Sunday, November 21, 2004

Poem for Sunday


Henry's Understanding
By John Berryman


He was reading late, at Richard's, down in Maine,
aged 32? Richard & Helen long in bed,
my good wife long in bed.
All I had to do was strip & get into my bed,
putting the marker in the book, & sleep,
& wake to a hot breakfast.

Off the coast was an island, P'tit Manaan,
the bluff from Richard's lawn was almost sheer.
A chill at four o'clock.
It only takes a few minutes to make a man.
A concentration upon now & here.
Suddenly, unlike Bach,

& horribly, unlike Bach, it occurred to me
that one night, instead of warm pajamas,
I'd take off all my clothes
& cross the damp cold lawn & down the bluff
into the terrible water & walk forever
under it out toward the island.

--------

From Poet's Choice by Edward Hirsch in the Sunday Washington Post Book World, in which Hirsch describes Berryman as "one of the most idiosyncratic voices in American poetry" and claims that "no significant American poet is funnier, though the comedy is nervous and limned with sadness." Berryman mixes up highbrow and lowbrow in a manner Hirsch calls "part Shakespeare, part minstrel show, part baby talk...imagine Emily Dickinson crossed with Bessie Smith and Groucho Marx." For his own part, Berryman described his life's work as "the almost insuperable difficulty of writing high verse in a land that cared and cares so little for it."

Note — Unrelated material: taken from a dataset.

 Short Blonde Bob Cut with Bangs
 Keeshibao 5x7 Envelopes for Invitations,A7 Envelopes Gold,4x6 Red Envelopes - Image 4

My day was taken up with my children having friends over, cleaning stuff up in preparation for their having friends over, trying to get work done before their friends came over, trying to figure out dinner for them and the three friends who were over, having ice cream sundaes with my kids and their friends who are sleeping over, and other exciting domestic issues, so instead of news or photos you get very nearly an entire post of memes. But first, some links: has taken up 's call for a 'Horror on Snape Island' challenge, has provided a glimpse of a Lego 'Last Supper', and Ursula K. LeGuin has posted comments in response to remarks by the director of the Earthsea miniseries. Also, I made a naughty Lupin/Snape icon which is 's fault. (ETA: screen cap in icon from Total Eclipse, contains naked David Thewlis, not work or child-safe!)

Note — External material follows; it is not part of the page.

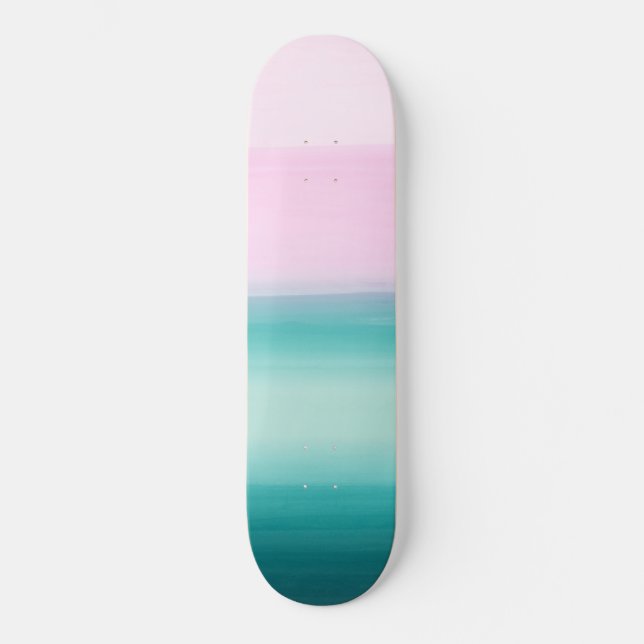 Skate Touching Seafoam Teal Pink Watercolor Abstract #1 (Frente)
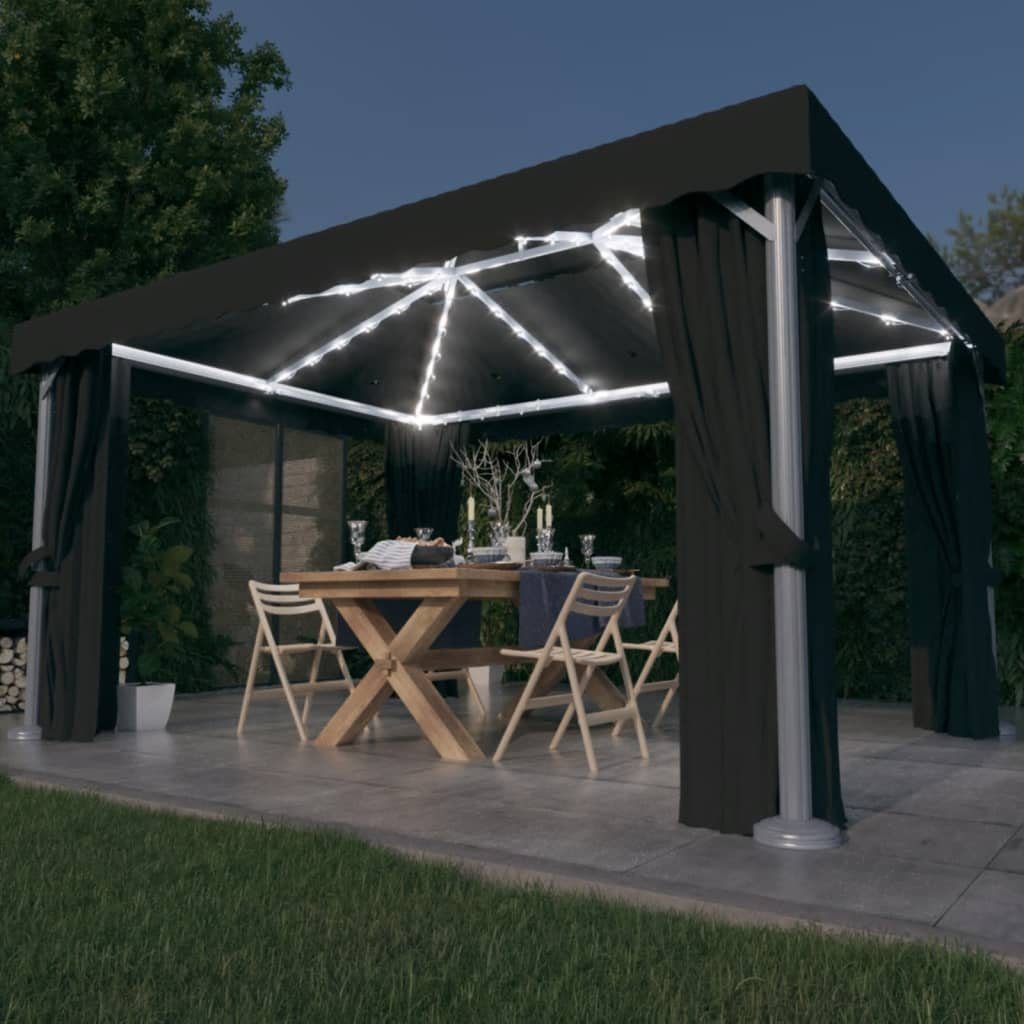 vidaXL Partyzelt Pavillon mit Vorhängen & LED-Lichterkette 4x3 m Anthrazit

: What are your five favorite relationships in your fandom(s)?
1. Kira/Odo.
These characters loved each other. They knew each other, had seen one another at their absolute worst, had had to forgive one another for really awful things. They talked, even when it hurt, even when they knew they were saying too much. They weren't particularly attracted to each other; it was never about the flirtation, the games, it was never because she was beautiful or because he could do things with his fingers that no actual humanoid could manage, they had to get past profound differences of species and culture and how their bodies made love. They chose each other again and again. It broke my heart when, in the end, they did not choose each other once more, but they had both already shown that they loved each other enough even to know when to let each other go. I honestly can't imagine a romantic relationship I could ever adore more than this one.
2. Jack Aubrey/Stephen Maturin. Even without the slash. I know, I get annoyed too when people say "I don't see the need to slash these two," but in this case after 20 books I really, truly have very little need to witness any sexual connection though I will certainly enjoy it if it's there. As I read the series, I kept thinking not "I want someone to love me like these two love each other," but "I want someone to be my friend the way these two are friends to one another." It's ideal, of course, if one can have both, but over the decades I think sexual attraction waxes and wanes, whereas emotional connection like this is a very rare and wonderful thing. They learn from each other and challenge each other and save each other in pretty much every way possible.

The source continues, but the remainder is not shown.